Certo, la maggior parte delle acque reflue provenienti dai centri abitati viene depurata all'interno di appositi impianti e reimmessa nei corsi fluviali. Eppure le acque, anche se depurate, contengono ancora traccia di inquinanti, come ad esempio metalli pesanti e alcuni principi attivi dei farmaci.

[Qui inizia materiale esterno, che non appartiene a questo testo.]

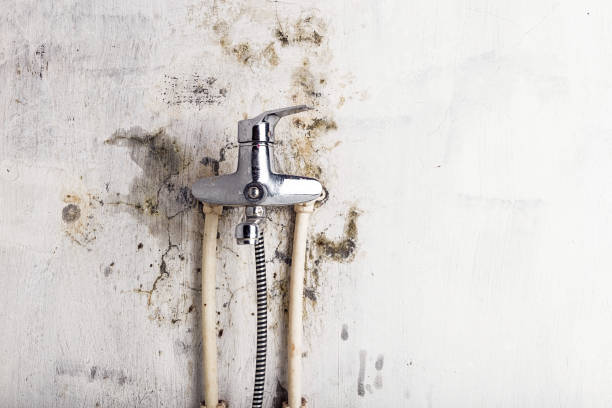 Best Industrial Mold Remediation in Pascagoula, MS
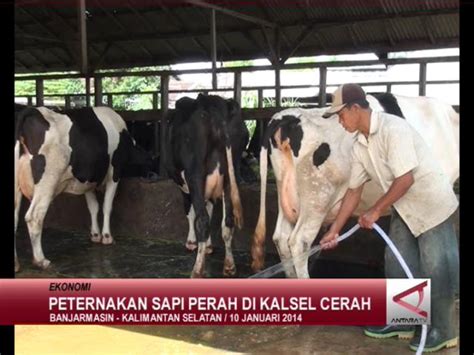 Peternakan Sapi Perah Di Kalsel Cerah Antara News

Si tratta di concentrazioni molto piccole, dell'ordine di grandezza delle parti per miliardo, che tuttavia percorrono i corsi d'acqua e possono essere intercettate dai sistemi di irrigazione delle colture.
Uno studio condotto dall'Istituto di Scienze della vita della Scuola superiore Sant'Anna di Pisa e pubblicato su Science of the Total Environment ha dimostrato come i pioppi bianchi (Populus alba clone Villafranca), siano in grado di intercettare metalli pesanti e altre molecole, come quelle farmacologiche, e di sequestrarli all'interno delle radici.
"Le radici dei pioppi che abbiamo testato in laboratorio sono in grado di accumulare nelle radici metalli pesanti e composti xenobiotici, quindi estranei all'organismo, e in parte di biodegradarli", spiega ad AgroNotizie Luca Sebastiani, direttore dell'Istituto di Scienze della vita, che ha condotto la ricerca con Erika Carla Pierattini e Alessandra Francini, della stessa scuola, e Christian Huber e Peter Schröder, del Centro Helmoltz. "Servono ora nuovi studi per capire esattamente come ogni inquinante si comporta una volta assorbito dalla pianta, se viene ad esempio biodegrdato o se trasloca in altre parti del vegetale".
Lo studio si è concentrato su alcune molecole, come il diclofenac, un composto farmaceutico ampiamente presente nei farmaci antinfiammatori non steroidei, che poi si ritrova con frequenza nelle acque nere dei centri abitati, anche dopo il processo di depurazione. Il pioppo assorbe nei tessuti questa molecola e la immobilizza.
"Oggi i sistemi di depurazione riescono ad intercettare gran parte degli inquinanti, ma tuttavia alcune molecole sfuggono. Come ad esempio alcuni antibiotici che passano il sistema di depurazione e finiscono nei corsi d'acqua", spiega Sebastiani. "Anche se a concentrazioni basse potrebbero avere effetti negativi sull'ambiente, con il rischio di induzione di resistenze nei batteri".
Ulteriori studi sono necessari, ma l'obiettivo è quello di affiancare agli impianti di depurazione delle zone coltivate a pioppo che intercettino queste molecole inquinanti. Il passo successivo sarà abbinare al ruolo delle piante quello di microrganismi che aiutino la degradazione delle molecole.
"Il punto di domanda importante su cui stiamo lavorando è capire se le colture irrigate con queste acque assorbano o meno i composti di origine farmaceutica che hanno superato gli impianti di depurazione", spiega Sebastiani. "E soprattutto se queste molecole vengono accumulate nelle parti destinate poi ad uso umano. Nel pioppo il diclofenac si ferma alla radice. Ma ad esempio l'eritromicina, che è un antibiotico, raggiunge le foglie. La domanda è se in altre specie si può arrivare al frutto".
Si tratta, è bene ripeterlo, di concentrazioni infinitesimali che non rappresentano un rischio sanitario per le persone. Tuttavia è bene sapere dove queste sostanze finiscono e se si accumulano nelle piante. Ad esempio alcuni studi hanno rilevato che nel caso del mais gli antibiotici non arrivano alla granella, mentre nel caso della patata se ne trovano tracce.